Problem requirements =
There is one span to output from the data below: the lines starting at the line with "Lambert Inn Whittier Zewnętrze zdjęcie" and ending at the line with "4 bedroom end". Output it exactly, ends included, nothing more.

=== Begin Enclosure ===

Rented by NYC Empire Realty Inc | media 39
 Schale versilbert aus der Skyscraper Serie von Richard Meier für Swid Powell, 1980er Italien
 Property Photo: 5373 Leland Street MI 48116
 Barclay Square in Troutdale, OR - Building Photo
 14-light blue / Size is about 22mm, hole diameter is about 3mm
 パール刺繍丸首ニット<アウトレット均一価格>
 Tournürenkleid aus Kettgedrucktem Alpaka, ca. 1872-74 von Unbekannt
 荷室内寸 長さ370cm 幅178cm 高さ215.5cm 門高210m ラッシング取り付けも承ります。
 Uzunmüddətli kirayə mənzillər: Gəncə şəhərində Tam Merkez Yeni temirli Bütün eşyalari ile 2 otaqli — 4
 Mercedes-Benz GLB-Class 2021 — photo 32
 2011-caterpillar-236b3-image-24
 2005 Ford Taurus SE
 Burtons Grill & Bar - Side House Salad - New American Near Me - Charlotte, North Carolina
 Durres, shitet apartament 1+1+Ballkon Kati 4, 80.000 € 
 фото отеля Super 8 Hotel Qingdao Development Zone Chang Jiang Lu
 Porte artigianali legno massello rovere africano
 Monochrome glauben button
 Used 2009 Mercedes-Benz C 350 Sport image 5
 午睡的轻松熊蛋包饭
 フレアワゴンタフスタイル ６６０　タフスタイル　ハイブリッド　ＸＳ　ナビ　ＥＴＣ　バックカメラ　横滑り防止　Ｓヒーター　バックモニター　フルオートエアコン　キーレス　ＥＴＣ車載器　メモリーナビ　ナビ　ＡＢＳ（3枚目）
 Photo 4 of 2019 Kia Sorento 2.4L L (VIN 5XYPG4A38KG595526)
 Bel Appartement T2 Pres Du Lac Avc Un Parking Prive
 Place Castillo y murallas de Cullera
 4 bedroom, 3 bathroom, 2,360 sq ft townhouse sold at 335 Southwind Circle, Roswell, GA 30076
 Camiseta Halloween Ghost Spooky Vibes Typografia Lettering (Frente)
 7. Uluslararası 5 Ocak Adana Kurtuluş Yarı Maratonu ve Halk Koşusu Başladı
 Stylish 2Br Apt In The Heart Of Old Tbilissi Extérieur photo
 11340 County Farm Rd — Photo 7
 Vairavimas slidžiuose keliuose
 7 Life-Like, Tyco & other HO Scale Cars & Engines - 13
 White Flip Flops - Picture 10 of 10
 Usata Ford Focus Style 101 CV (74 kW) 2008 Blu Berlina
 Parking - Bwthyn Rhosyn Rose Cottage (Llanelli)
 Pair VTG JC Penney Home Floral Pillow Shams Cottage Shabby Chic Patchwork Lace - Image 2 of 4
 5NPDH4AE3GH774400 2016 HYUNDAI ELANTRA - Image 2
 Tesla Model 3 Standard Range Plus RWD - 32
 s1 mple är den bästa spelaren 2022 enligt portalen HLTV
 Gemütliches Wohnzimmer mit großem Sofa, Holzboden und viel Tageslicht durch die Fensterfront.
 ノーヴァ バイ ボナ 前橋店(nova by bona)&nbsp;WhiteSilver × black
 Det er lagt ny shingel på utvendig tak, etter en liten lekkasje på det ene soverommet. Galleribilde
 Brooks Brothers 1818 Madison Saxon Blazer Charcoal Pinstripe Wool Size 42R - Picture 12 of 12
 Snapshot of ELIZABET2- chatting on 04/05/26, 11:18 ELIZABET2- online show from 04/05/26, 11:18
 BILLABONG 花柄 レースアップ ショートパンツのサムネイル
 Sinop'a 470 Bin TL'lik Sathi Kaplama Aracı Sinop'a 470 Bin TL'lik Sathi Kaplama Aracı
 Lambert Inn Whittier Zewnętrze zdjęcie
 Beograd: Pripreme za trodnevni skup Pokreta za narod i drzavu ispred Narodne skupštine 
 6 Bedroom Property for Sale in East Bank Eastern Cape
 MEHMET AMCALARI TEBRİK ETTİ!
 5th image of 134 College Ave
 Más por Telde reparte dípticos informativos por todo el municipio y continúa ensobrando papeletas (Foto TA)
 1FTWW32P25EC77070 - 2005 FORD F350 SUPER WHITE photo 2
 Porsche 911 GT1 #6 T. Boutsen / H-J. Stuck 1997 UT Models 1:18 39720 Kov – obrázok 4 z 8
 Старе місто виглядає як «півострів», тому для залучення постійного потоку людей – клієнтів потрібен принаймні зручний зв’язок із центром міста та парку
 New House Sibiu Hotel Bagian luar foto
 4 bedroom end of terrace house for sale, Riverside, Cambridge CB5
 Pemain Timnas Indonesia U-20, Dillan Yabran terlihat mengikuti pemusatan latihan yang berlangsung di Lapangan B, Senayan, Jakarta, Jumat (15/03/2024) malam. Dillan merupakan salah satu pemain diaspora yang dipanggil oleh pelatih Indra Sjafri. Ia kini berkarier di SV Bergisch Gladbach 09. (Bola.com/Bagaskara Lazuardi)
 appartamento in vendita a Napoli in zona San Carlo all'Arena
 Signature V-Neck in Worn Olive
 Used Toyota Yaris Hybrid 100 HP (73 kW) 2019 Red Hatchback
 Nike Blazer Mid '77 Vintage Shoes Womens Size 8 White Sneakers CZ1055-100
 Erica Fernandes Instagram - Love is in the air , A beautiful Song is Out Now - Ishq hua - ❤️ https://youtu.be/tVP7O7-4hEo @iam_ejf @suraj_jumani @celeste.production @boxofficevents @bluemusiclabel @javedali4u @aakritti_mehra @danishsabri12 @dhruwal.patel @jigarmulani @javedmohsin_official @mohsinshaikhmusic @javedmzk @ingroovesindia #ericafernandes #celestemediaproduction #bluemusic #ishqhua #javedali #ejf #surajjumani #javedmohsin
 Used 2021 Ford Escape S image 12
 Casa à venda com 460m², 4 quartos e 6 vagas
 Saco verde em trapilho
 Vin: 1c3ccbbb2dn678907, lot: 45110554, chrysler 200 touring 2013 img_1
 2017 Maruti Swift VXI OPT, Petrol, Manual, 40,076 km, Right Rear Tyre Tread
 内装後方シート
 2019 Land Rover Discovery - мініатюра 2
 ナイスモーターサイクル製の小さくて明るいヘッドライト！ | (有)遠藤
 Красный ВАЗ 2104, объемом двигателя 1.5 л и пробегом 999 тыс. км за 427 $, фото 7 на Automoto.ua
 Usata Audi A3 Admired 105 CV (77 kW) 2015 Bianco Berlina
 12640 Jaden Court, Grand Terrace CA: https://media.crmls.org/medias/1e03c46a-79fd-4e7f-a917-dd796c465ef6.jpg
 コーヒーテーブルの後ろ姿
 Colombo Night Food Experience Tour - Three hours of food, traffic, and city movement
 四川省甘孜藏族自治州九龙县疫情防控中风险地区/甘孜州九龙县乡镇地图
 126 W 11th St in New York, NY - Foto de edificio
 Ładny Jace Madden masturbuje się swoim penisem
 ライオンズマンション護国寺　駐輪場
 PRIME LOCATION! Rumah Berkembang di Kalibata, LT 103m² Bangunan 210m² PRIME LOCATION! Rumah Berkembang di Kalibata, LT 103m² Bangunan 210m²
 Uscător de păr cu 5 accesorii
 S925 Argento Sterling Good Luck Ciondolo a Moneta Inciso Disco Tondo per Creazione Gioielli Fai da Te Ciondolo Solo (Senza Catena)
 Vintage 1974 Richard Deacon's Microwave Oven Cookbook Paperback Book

=== End Enclosure ===

Task answer =
 Lambert Inn Whittier Zewnętrze zdjęcie
 Beograd: Pripreme za trodnevni skup Pokreta za narod i drzavu ispred Narodne skupštine 
 6 Bedroom Property for Sale in East Bank Eastern Cape
 MEHMET AMCALARI TEBRİK ETTİ!
 5th image of 134 College Ave
 Más por Telde reparte dípticos informativos por todo el municipio y continúa ensobrando papeletas (Foto TA)
 1FTWW32P25EC77070 - 2005 FORD F350 SUPER WHITE photo 2
 Porsche 911 GT1 #6 T. Boutsen / H-J. Stuck 1997 UT Models 1:18 39720 Kov – obrázok 4 z 8
 Старе місто виглядає як «півострів», тому для залучення постійного потоку людей – клієнтів потрібен принаймні зручний зв’язок із центром міста та парку
 New House Sibiu Hotel Bagian luar foto
 4 bedroom end of terrace house for sale, Riverside, Cambridge CB5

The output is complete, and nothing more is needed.